The assessment puzzled “M” because the evaluation observed that her son’s presentation and his father’s behaviour were consistent with alienation. Yet, the Single Expert (Custody Evaluator) was ambivalent about alienation. Her son had a polarised view of his mother and father. “M” was “all bad”, and his father was “all that he wanted both parents to be; I don’t need a mother, especially her“.
Her son broke off contact with his extended maternal family. His father encouraged him not to spend time with his mother and then claimed, “I can’t make him see her. It’s his call. Do you want me to abuse him as his mother did?”. In front of his son, his father claimed he was “psychologically suffering” after “what she did”. Her son comforted his father in a way the Single Expert (Custody Evaluator) found excessive.

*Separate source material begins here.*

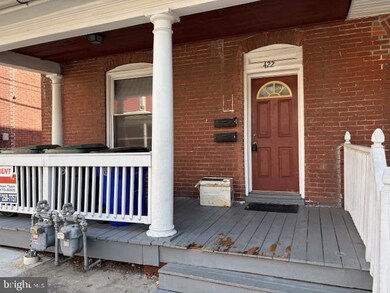 422 N Locust St, Hagerstown, MD 21740 - photo 2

Her ex-partner threatened her, “You’ll never see him again if you keep going to the Family Court”. “M” followed her legal advice. The Family Court followed the Family Assessment recommendations. It ordered Reportable Family Therapy.
Reportable Family Therapy Fails-And Fails Again!
Reportable Family Therapy failed. Her son claimed that “the order to attend Family therapy is equivalent to giving custody to a paedophile”. He referred to “M” by her first name, “you can’t make me see “M”. During family therapy, ‘M” had to advise that her mother had been diagnosed with terminal cancer and did not have long to live. She wanted to see her grandson again. Her son responded, “how convenient is that!”
“M” observed signs of softening in her son on the few occasions he would be in the same room as her and the practitioner. She also observed that he returned to the same hostile presentation at the next session. He also raised legal matters that he could only have known if his father had shared legal details, including confidential family assessments with him.
Her son also repeated his father’s earlier threat, “this crap is not going on while she is in court about me”. She brought her observation to the attention of the Single Expert (Custody Evaluator). They recommended more Family Therapy. During Family Law proceedings, her ex-partner sought an extension of the Family Violence Order.
Ostracised and Stigmatised
“M” is from a family-oriented culture that places great weight on gendered family roles. Her women’s peer groups and social networks ostracised her because her son rejected her and because his father made her out to be a bad mother.
“M’ found her stigmatisation difficult, “I don’t talk about my family; I do everything I can not to disclose my situation. I often make up stories”. Her abuse socially alienated her, isolating her from her social groups. “M”‘s mother died before she saw her grandson again.
“M” was subsequently diagnosed with PTSD. Her ex-partner threatened to subpoena all of her medical records. She realised her records would also include her consultations about post-natal depression. She was unable to continue. “M” concluded that she always had to be on the defensive.
Coerced into Useless Orders by Consent
She withdrew her applications after her ex-partner refused to comply with the orders for the second round of Reportable Family Therapy. She agreed to Orders by Consent that allowed her and her son to contact each other. He never returned her telephone calls or e-mails. He blocked her from his social media accounts. His father only contacted her if there were child support issues. True to his threat, she has not seen her son since.
Unemployed and ostracised by her community, “M” felt overwhelmed. Her ex-partner had carried out every threat he made with impunity. Family Law experts treated her situation as a family relationship problem to which she contributed because she was too terrorised to argue her case.
Declaration and Dedication
I have based this account on accounts and details a client gave me years ago. This client shared with me certain materials and information that made me consider this account accurate.
I want to dedicate this article to this client who must remain anonymous and to all alienated parents who stay silenced.